Tricia doesn’t normally like to admit that she has a disability. She was born an able bodied individual and treated when she was a child, as an able bodied kid. It’s been daunting for Tricia to view herself as someone with a disability. She tells me that folks with disabilities don’t see their disabilities until an able bodied individual points them out. Tricia’s theory is that everyone has a disability and some disabilities are blatantly obvious, while others are not. During our childhood, folks from our generation often heard the phrase “nobody is perfect” , and Tricia grew up believing in this dominion of universal justice. She also believes that we all have quirks and make mistakes, but in the end, we all pretty much strive to achieve the same thing… Acceptance!

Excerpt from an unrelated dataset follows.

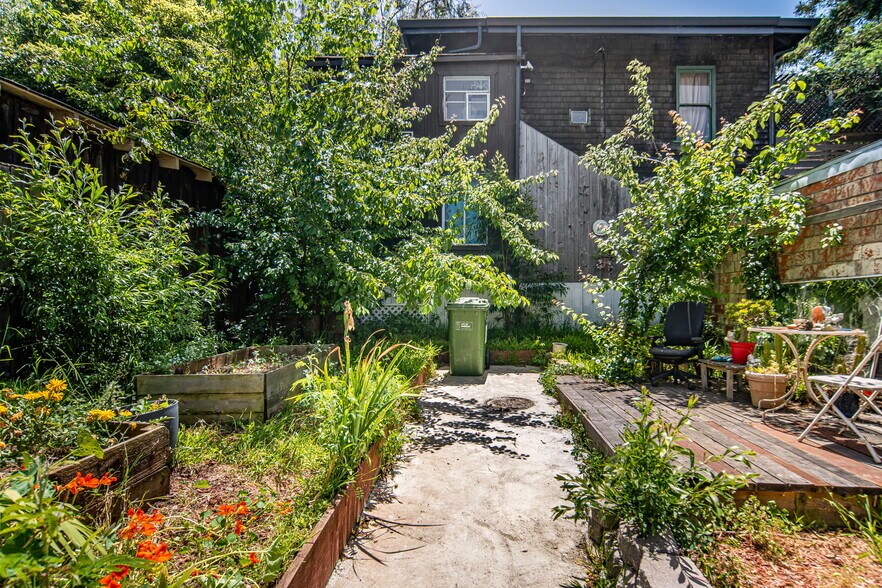 More Photos Of 2110 Ashby Ave, Berkeley Multifamily For Sale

Tricia’s disability is mostly physical due to a cerebral hemorrhage in her brain stem area. This was classified as a traumatic brain injury at the age of 5. She periodically laughs or cries without warning. She describes this unpredictable behavior as being quite annoying both to herself and to anyone she might be with. Her emotions sometimes run rampant, just like some of her body parts and cannot always be controlled.
When Marshall and Tricia were married, Tricia cried hysterically through the entire ceremony! She recalls how embarrassing that was for her because she had vows to read. With a shrug, Tricia winks and says, “It happens, it’s just something I am forced to get used to.” Then with a twinkle of humor, Tricia states, “I’m a great person to cry with! Nobody cries alone in my presence!”
Which leads us to Tricia’s real message for this blog post…Tricia often wishes that people would take the time to get all the information before making judgments about someone with, or even without a disability. “We’re all human,” she says “and we all have a story to tell.”
That reminds me of a famous quote by Bodie Thoene who wrote A Daughter of Zion, “Love is the only mirror we must use to judge ourselves and others.”